LOCAL 3, INTERNATIONAL BROTHERHOOD OF ELECTRICAL WORKERS,
Defendant.
----------------------------------------------------x
RACHEL P. KOVNER, United States District Judge: Plaintiffs Tracey Harris, Lawrence O’Rourke, and Anthony Gagliano—former employees of Charter Communications, Inc. (“Charter”)—claim in this lawsuit that defendant Local 3, International Brotherhood of Electrical Workers (“Local 3”), breached its duty of fair representation under the National Labor Relations Act, 29 U.S.C. § 159(a). Plaintiffs specifically allege that Local 3 violated this duty by distributing money that the union received from Charter as part of a settlement relating to a strike by Charter employees to Local 3 retirees, most of whom had never worked for Charter. Local 3 moves for summary judgment, arguing that the undisputed evidence shows that Local 3 never received money as part of a settlement with Charter. Because plaintiffs have failed to marshal any evidence suggesting otherwise, Local 3’s motion is granted. BACKGROUND The following facts are taken from the parties’ Rule 56.1 statements and relevant portions of the record and are undisputed unless otherwise noted. A. The Charter Strike and its Aftermath Plaintiffs are former employees of Charter, and were also members of Local 3. Local 3 acted as the collective bargaining representative for Charter’s service technicians until 2022. See Local 3 Rule 56.1 Statement ¶ 19 (Dkt. #53). In 2017, Local 3 called a strike against Charter. Id. ¶ 4.
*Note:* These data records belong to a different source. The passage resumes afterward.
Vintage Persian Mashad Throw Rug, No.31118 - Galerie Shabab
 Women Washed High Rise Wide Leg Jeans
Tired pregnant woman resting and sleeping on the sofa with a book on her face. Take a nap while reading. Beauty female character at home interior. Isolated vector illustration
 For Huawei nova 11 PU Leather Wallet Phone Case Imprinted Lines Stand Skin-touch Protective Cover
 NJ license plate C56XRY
After the strike began, Charter continued to operate with replacement employees, supervisors, and workers who crossed the picket line. Id. ¶¶ 21–22. The company also unilaterally removed members of the Local 3 bargaining unit from a pension plan to which Charter had long contributed. Id. ¶ 6. Specifically, Charter terminated Local 3 members’ participation in multiemployer employee benefit pension and welfare plans run by the Joint Industry Board of the Electrical Industry (“JIBEI”)—including the Pension Trust Fund of the Pension, Hospitalization and Benefit Plan of the Electrical Industry (the “JIB Pension Plan”), a pension plan to which essentially all employers that have a collective bargaining agreement with Local 3 contribute for covered employees. Id. ¶¶ 7–9.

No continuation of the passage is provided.